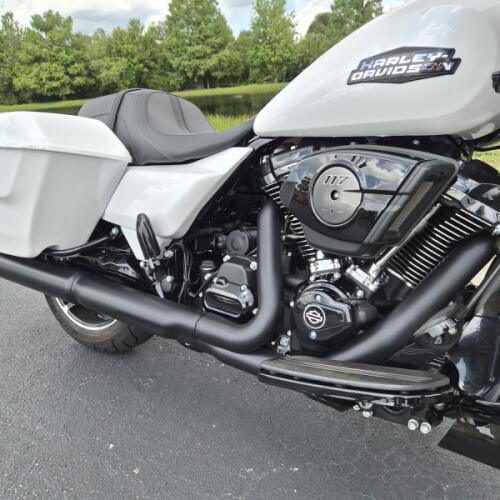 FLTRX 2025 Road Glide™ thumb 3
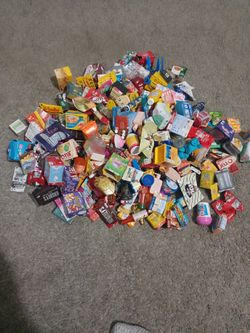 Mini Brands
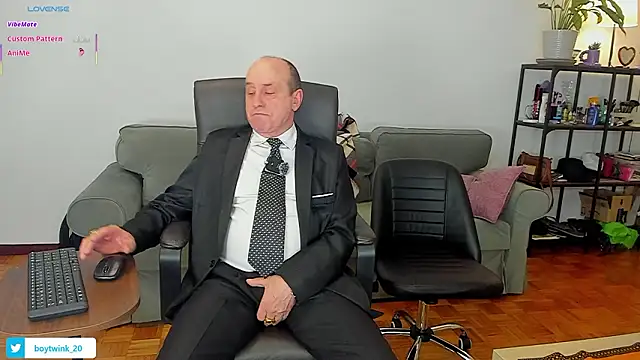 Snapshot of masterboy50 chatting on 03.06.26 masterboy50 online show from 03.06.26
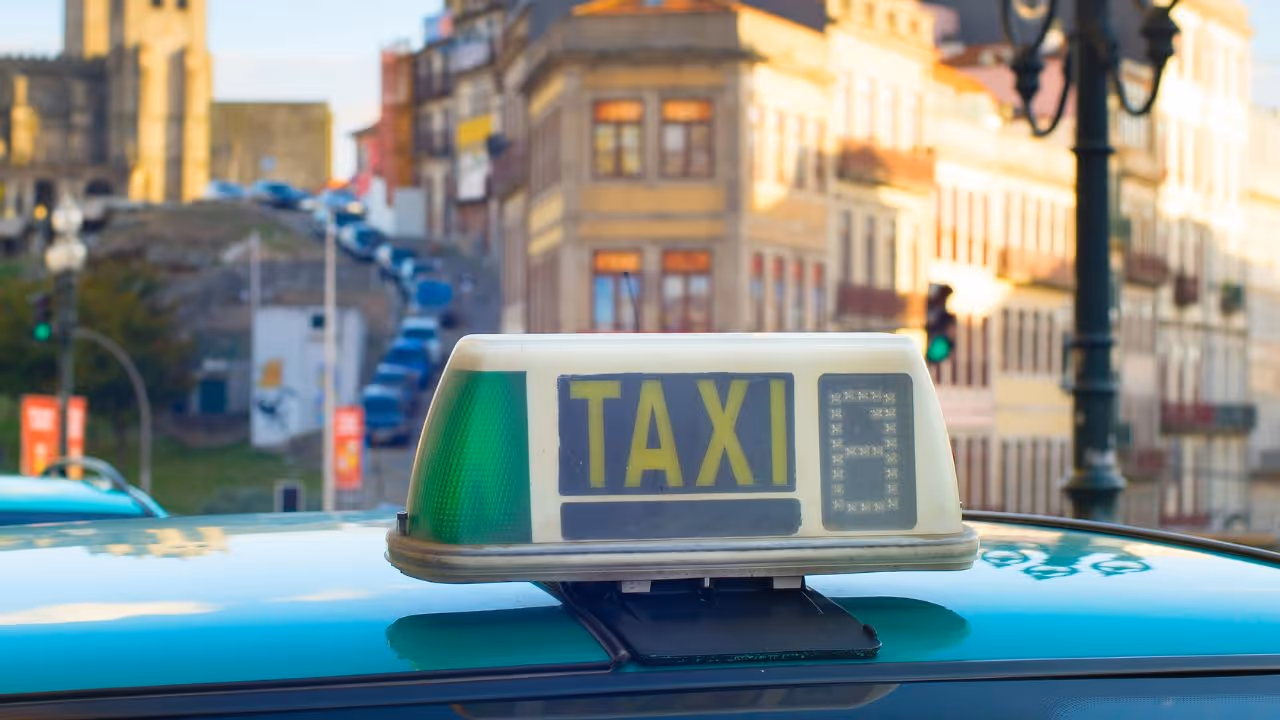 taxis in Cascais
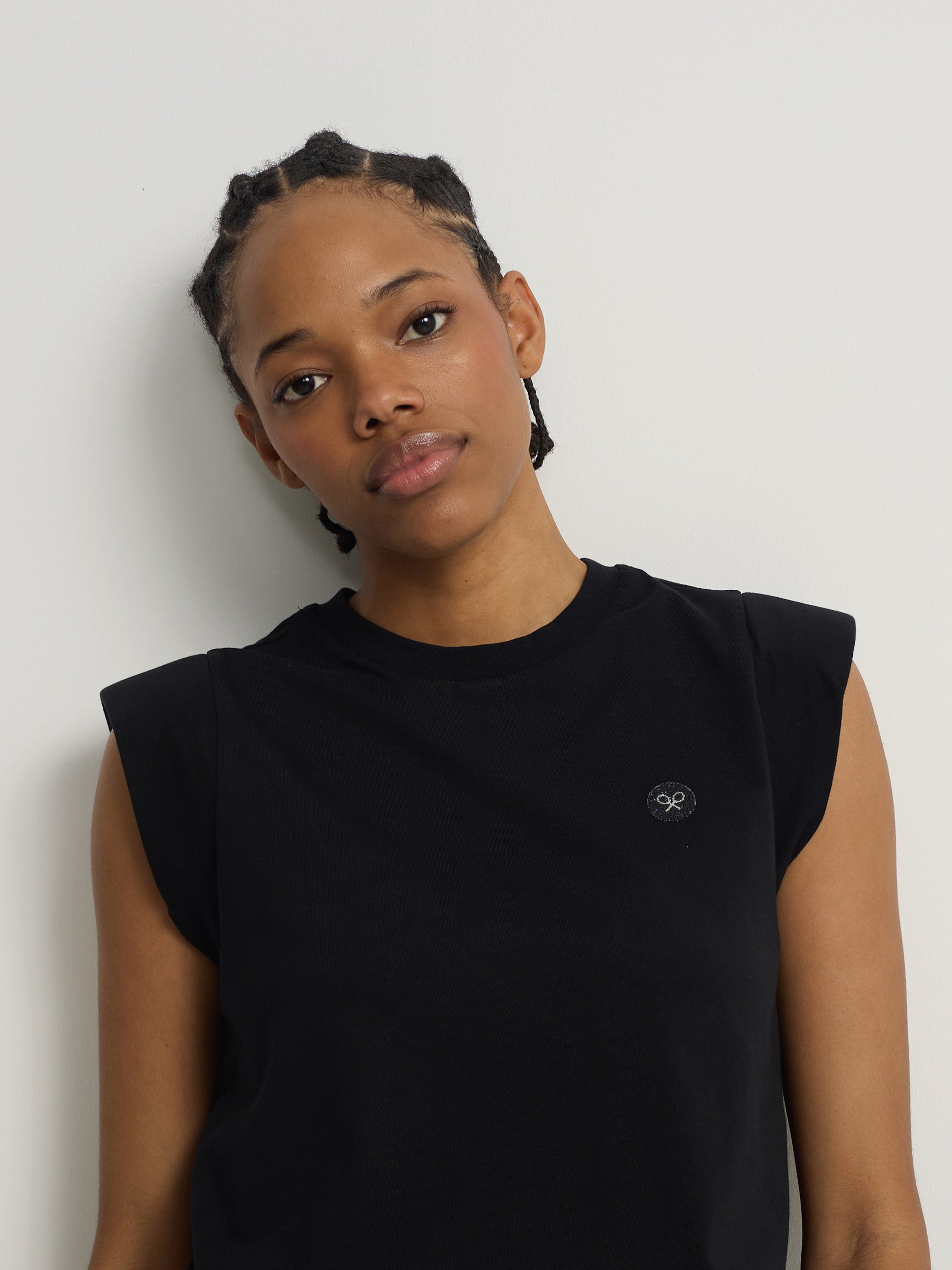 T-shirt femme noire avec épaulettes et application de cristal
§
### Directions
Copy the data verbatim, skipping any image it holds.

### Answer to this task
 FLTRX 2025 Road Glide™ thumb 3
 Mini Brands
 Snapshot of masterboy50 chatting on 03.06.26 masterboy50 online show from 03.06.26
 taxis in Cascais
 T-shirt femme noire avec épaulettes et application de cristal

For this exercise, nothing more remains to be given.